§ **INPUT DATA**
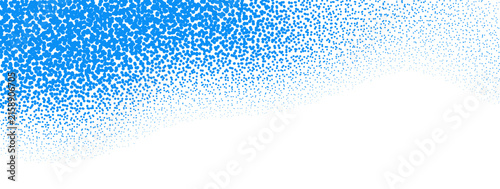 Abstract blue dots dissolving into white space background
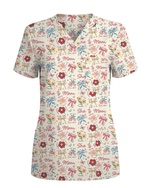 Cute Mother's Day Faith Floral Medical Scrub Top - Scrubloop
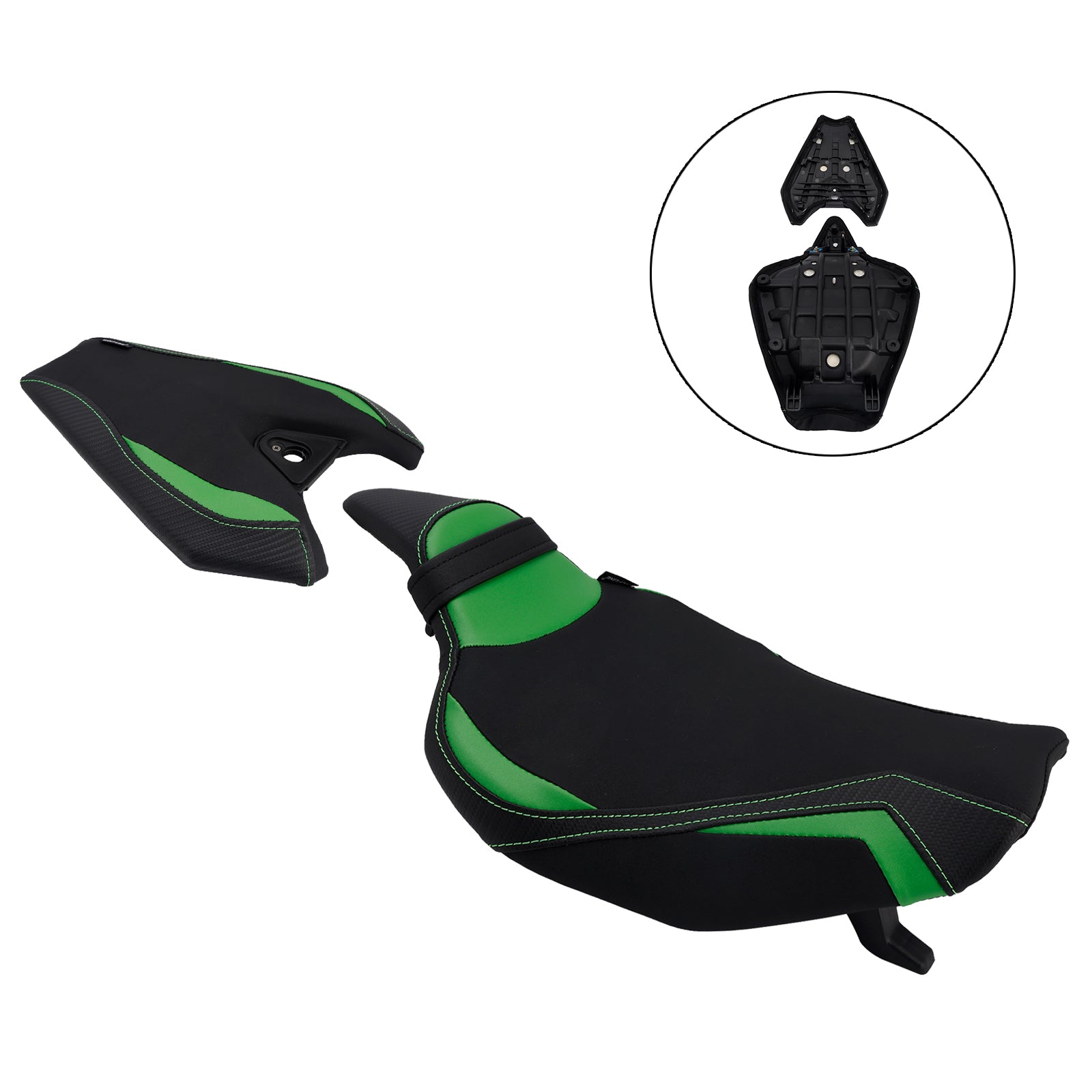 2014-2025 Kawasaki Z1000 anteriore inferiore con sedile posteriore conducente verde1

§ **AIM OF THE EXERCISE**
Word for word, give again the lines from the line holding "Cute Mother's Day" through the last line of the material, both included; pictures are not part of the copy.

§ **ANSWER BELOW**
 Cute Mother's Day Faith Floral Medical Scrub Top - Scrubloop
 2014-2025 Kawasaki Z1000 anteriore inferiore con sedile posteriore conducente verde1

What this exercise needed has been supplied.